APPLICATION SCREENING
Submitted applications are reviewed to identify applicants meeting the minimum requirements listed in the job announcement. All applicants who meet the minimum qualifications for a posted position are invited to participate in a fair and open competitive examination of job-relevant competencies. Applicants who do not meet the minimum requirements are notified by electronic mail of their status.

EXAMINATION PROCESS
When filling a vacant position, the State of Colorado requires the use of an examination process to identify the top three candidates. If three (3) or fewer candidates meet the minimum qualifications of the position vacancy, the minimum qualifications are the exam and all of the applicants are referred to the supervisor for interview.
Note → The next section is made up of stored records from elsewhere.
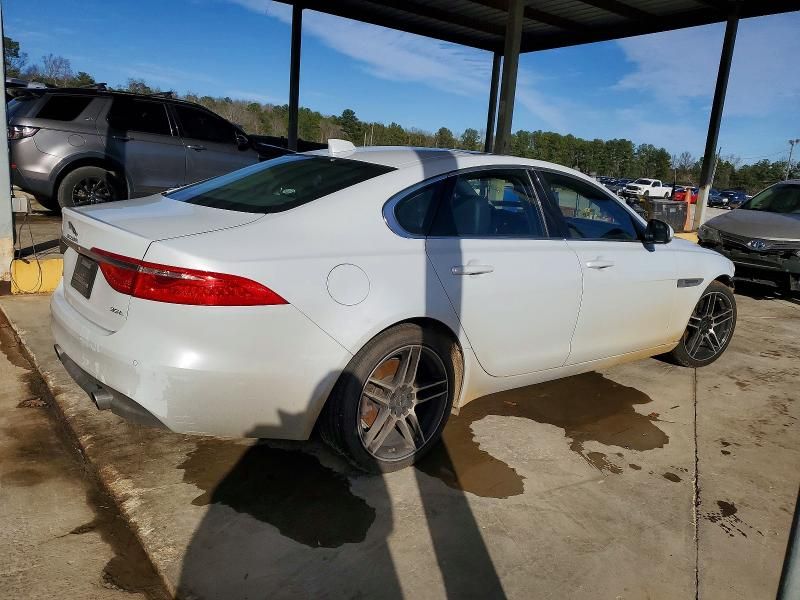 2017 Jaguar Xf Prestige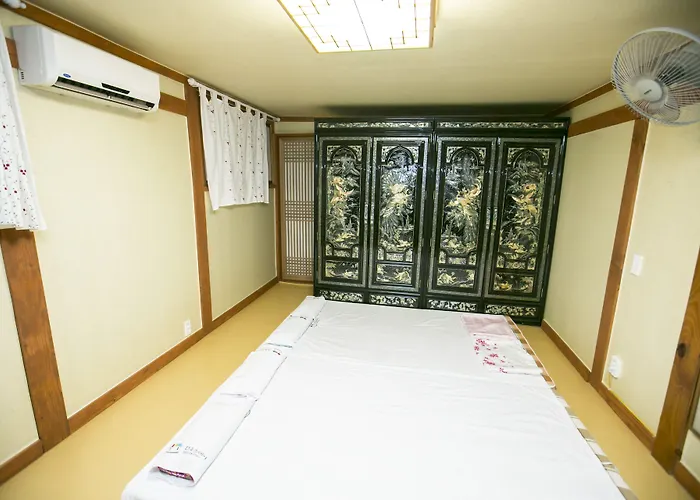 酒店 Bukchonmaru Hanok 2*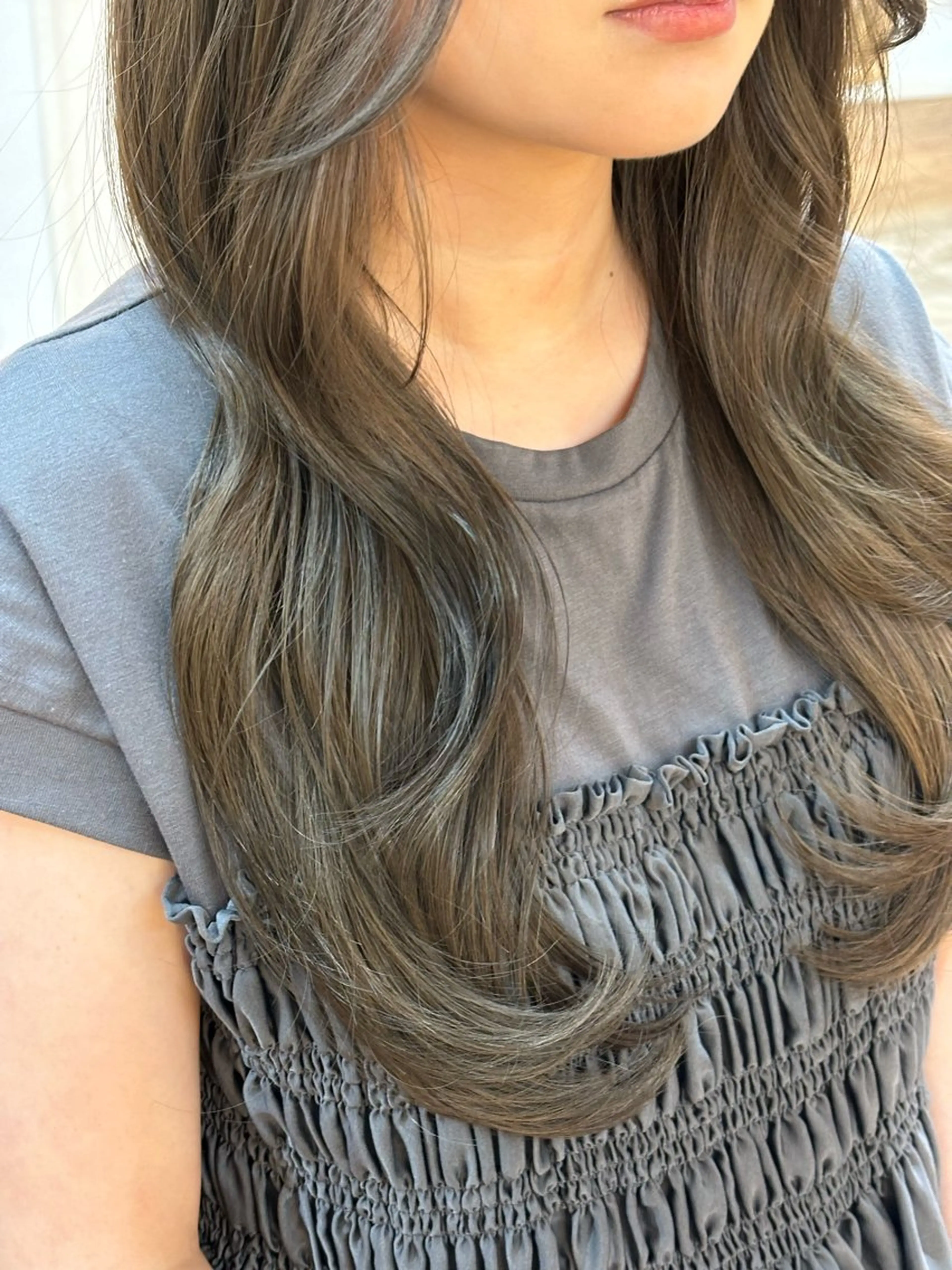 ロング カラー ヘアアレンジ ベージュカラー ブリーチ ブリーチなしカラー オリーブベージュ カット ヘアカラー トリートメント 韓国ヘア sasugaのヘアスタイル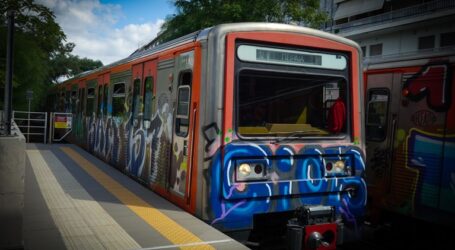 Επεισόδιο σε βαγόνι του ΗΣΑΠ: Έφτυσε και χτύπησε συνεπιβάτη, επειδή του έκανε παρατήρηση για τη μάσκα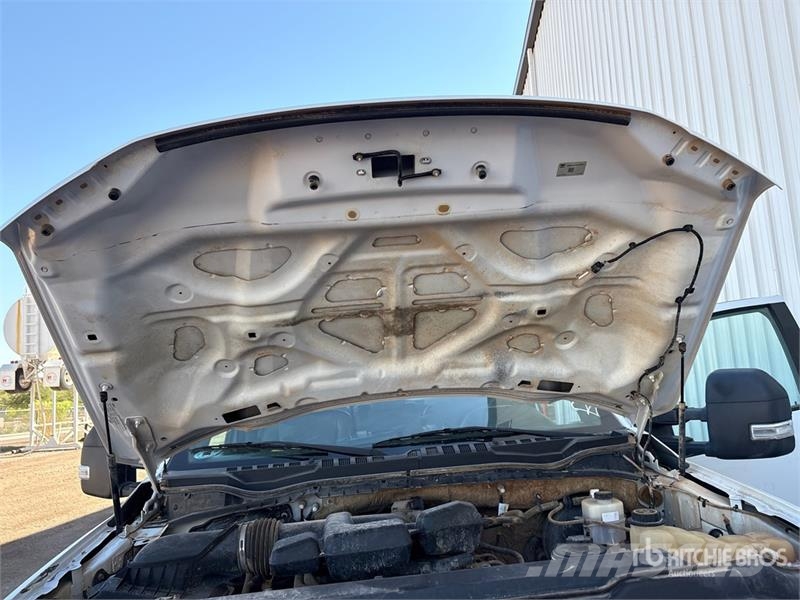 Ford F-250 Platós / Ponyvás teherautók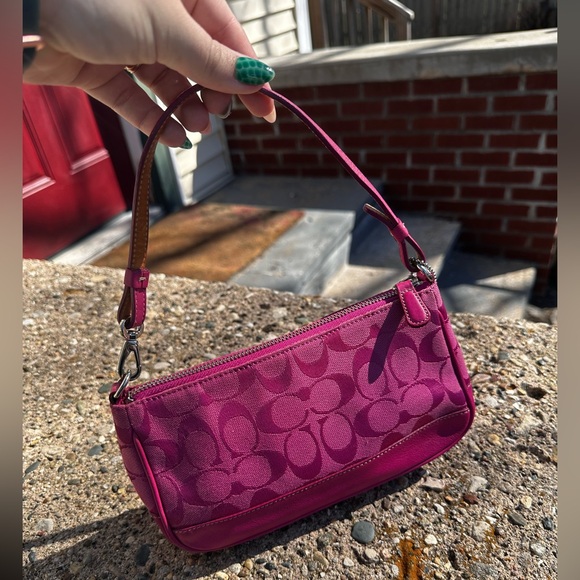 Coach Handbags - Vintage Y2K Coach Hamptons Demi Shoulder Bag Baguette Clutch Pink No. 6094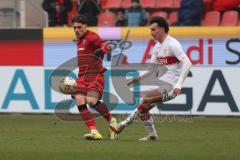 3. Liga - Saison 2025/26 - FC Ingolstadt 04 - VFB Stuttgart II - Dennis Kaygin (Nr.10 - FCI) - Michael Glück (Nr.35 - VFB Stuttgart II) - Foto: Meyer Jürgen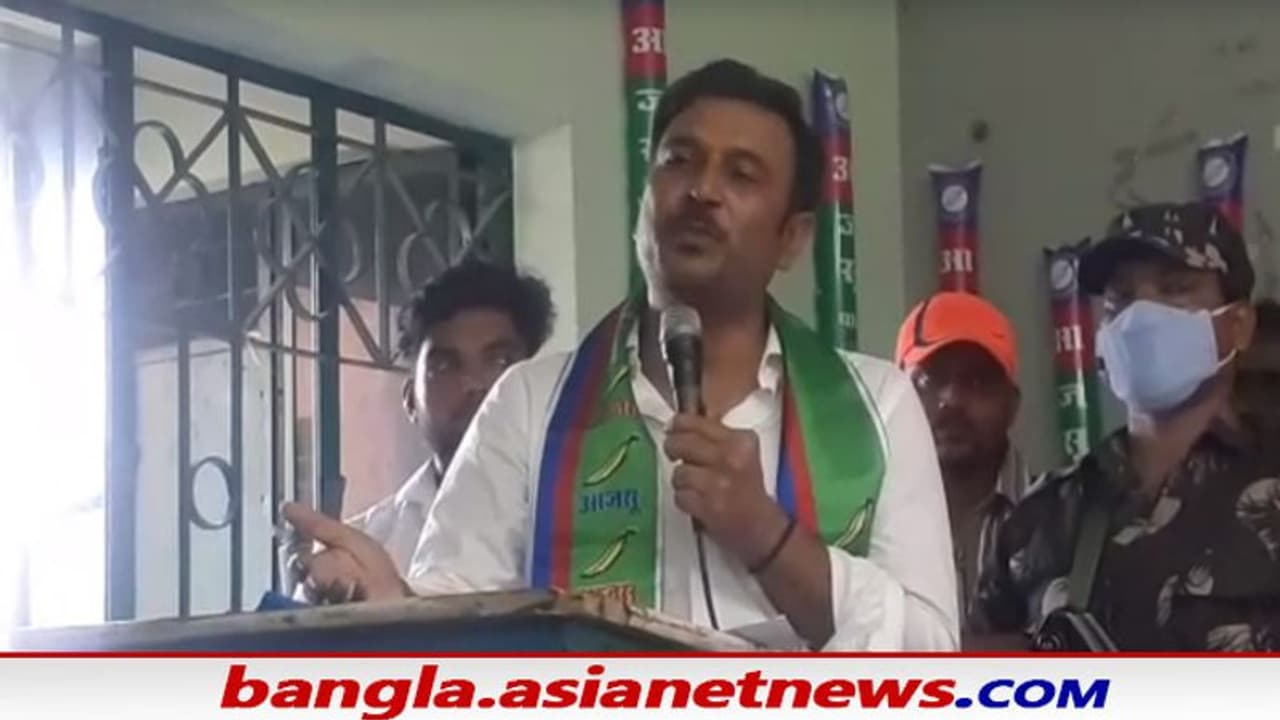 পুরভোটের আবহে নিষিদ্ধ কাপ সিরাপ বিক্রির অভিযোগে গ্রেপ্তার আজসু পার্টির প্রার্থী, চাঞ্চল্য পুরুলিয়ায় পুরভোটের আবহে নিষিদ্ধ কাপ সিরাপ বিক্রির অভিযোগে গ্রেপ্তার আজসু পার্টির প্রার্থী, চাঞ্চল্য পুরুলিয়ায়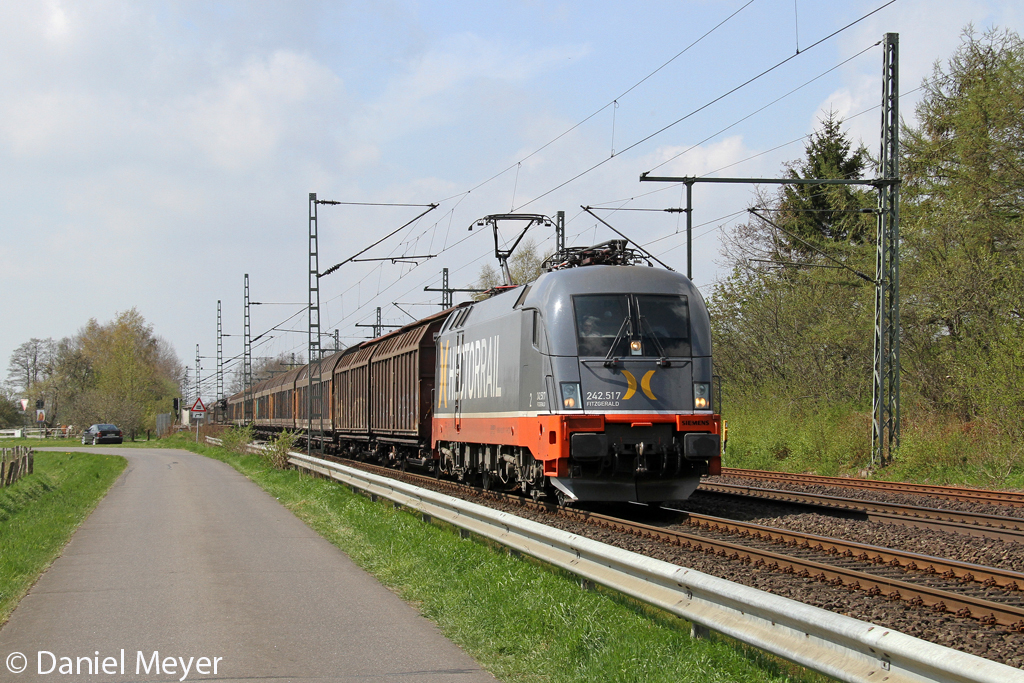 Die HECTORRAIL 242.517 in Brokstedt am 05,05,13 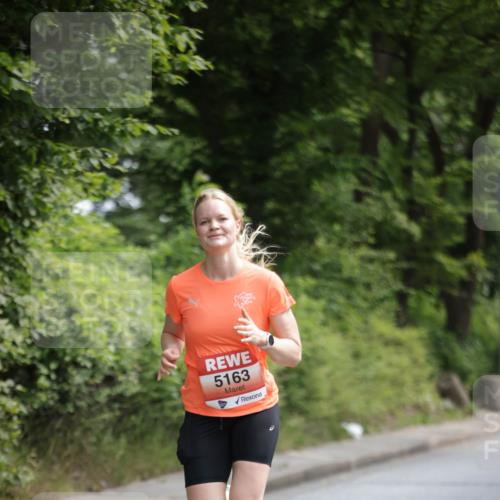 15.06.2025 - REWE Women's Run Jannik Wohlers http://msf.ph/oto/7965400 15.06.2025 10:00:02 Laufen 5163 meine-sportfotos.de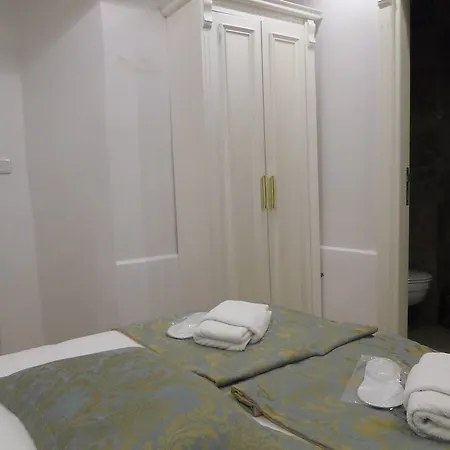 Ξενοδοχείο La Petite Maison 2*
However, if more than three (3) applicants meet the minimum qualifications, an examination of job-related competencies must be used to determine the top three (3) candidates. The number and types of exams chosen for this process will depend on the job class of the position vacancy and the total number of qualified applicants competing for the position.

Types of Tests
Applicants will be notified of their status following test results. Generally applicants continuing in the process will not receive a notification with a score, but rather a notification regarding the next step in the exam process.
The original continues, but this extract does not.